# Task directions
Please write out every record exactly, but keep any images out of it.

[Brief descriptive captions]
---+---

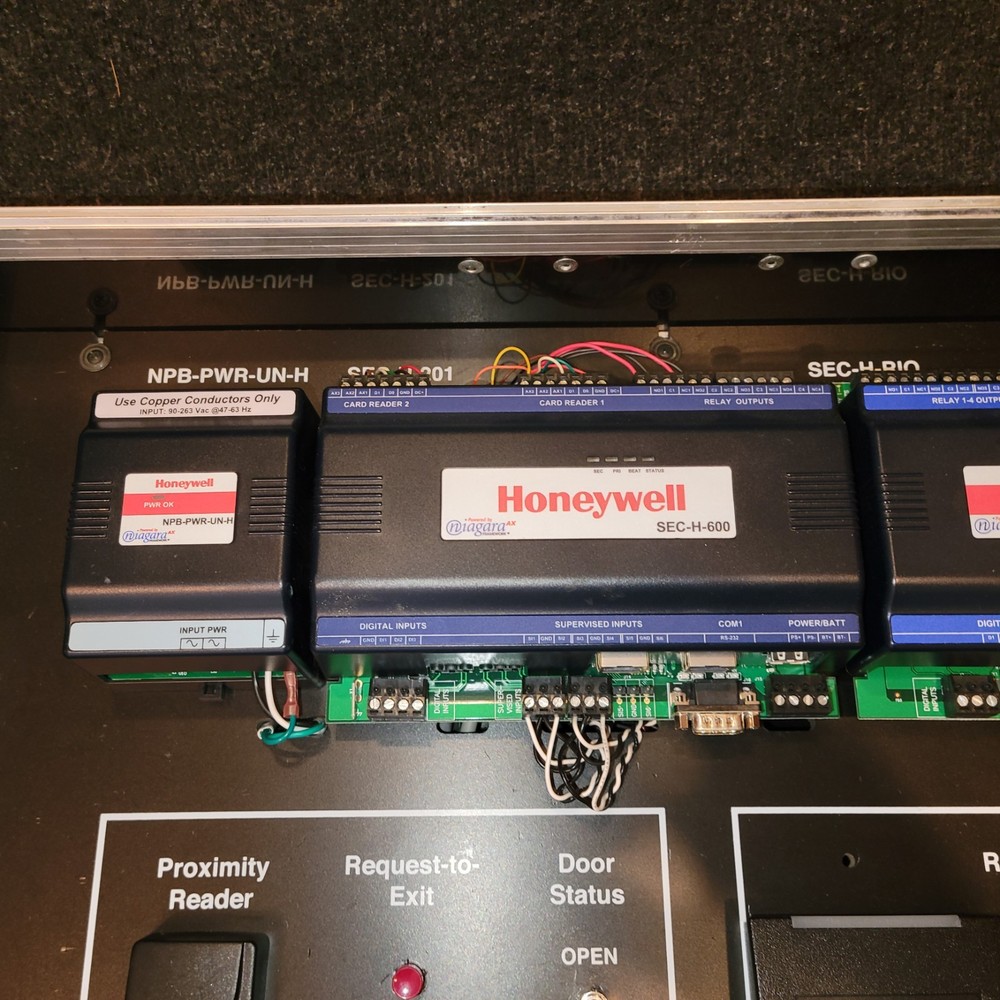 Honeywell Technology Display Sample Box SEC-H-600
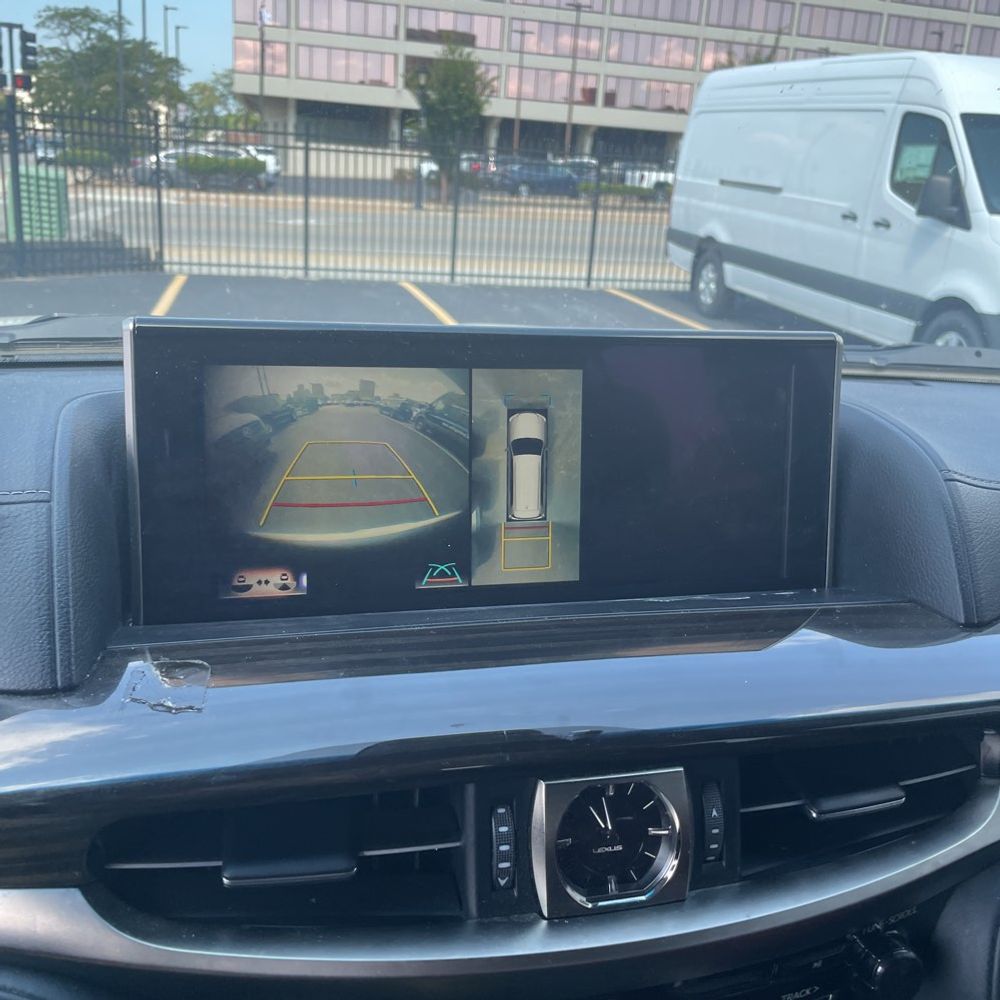 2019 Lexus LX 570 Three-Row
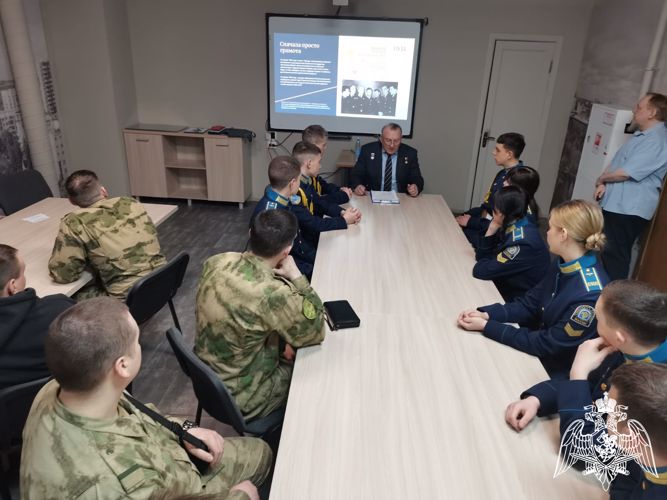 Военнослужащие новосибирской эскадрильи Росгвардии встретились с Героем Российской Федерации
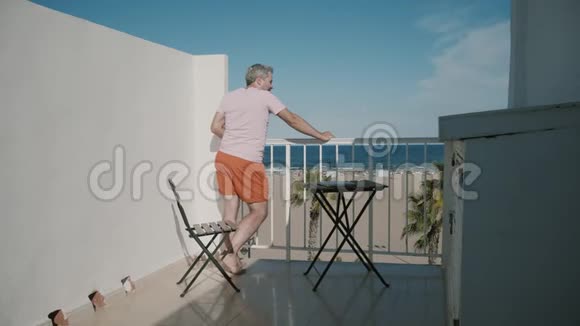 暑假时人们在酒店露台上欣赏海景视频的预览图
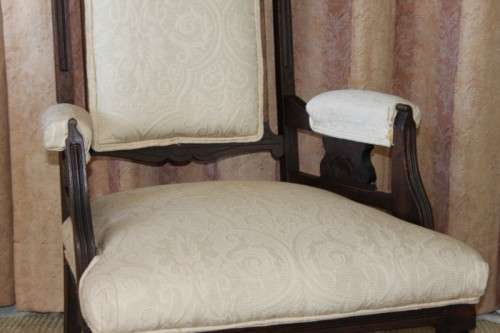 AN INCREDIBLE ANTIQUE (c1900's) HAND CARVED EDWARDIAN GRANDFATHER CHAIR IN REMARKABLE CONDITION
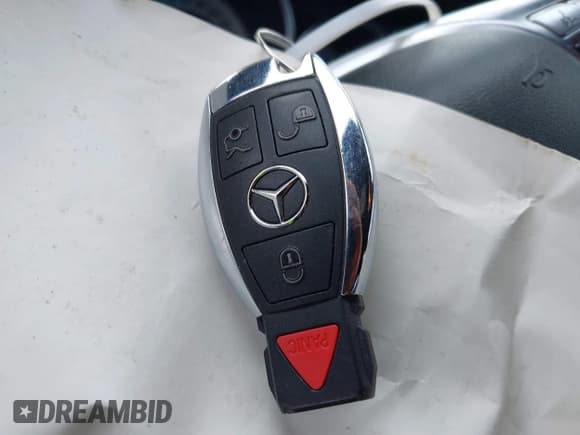 ✅ 2014 Mercedes-Benz C 250 Sport • VIN: WDDGF4HBXEG203170 • Lot: 43379040. Wystawiony na IAAI z przebiegiem 112 411 mil. Bezpłatny archiwum sprzedaży aukcyjnych z USA i szczegółowy raport historii pojazdu na DreamBid. Zdjęcie 11.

---+---

# The completed task
 Honeywell Technology Display Sample Box SEC-H-600
 2019 Lexus LX 570 Three-Row
 Военнослужащие новосибирской эскадрильи Росгвардии встретились с Героем Российской Федерации
 暑假时人们在酒店露台上欣赏海景视频的预览图
 AN INCREDIBLE ANTIQUE (c1900's) HAND CARVED EDWARDIAN GRANDFATHER CHAIR IN REMARKABLE CONDITION
 ✅ 2014 Mercedes-Benz C 250 Sport • VIN: WDDGF4HBXEG203170 • Lot: 43379040. Wystawiony na IAAI z przebiegiem 112 411 mil. Bezpłatny archiwum sprzedaży aukcyjnych z USA i szczegółowy raport historii pojazdu na DreamBid. Zdjęcie 11.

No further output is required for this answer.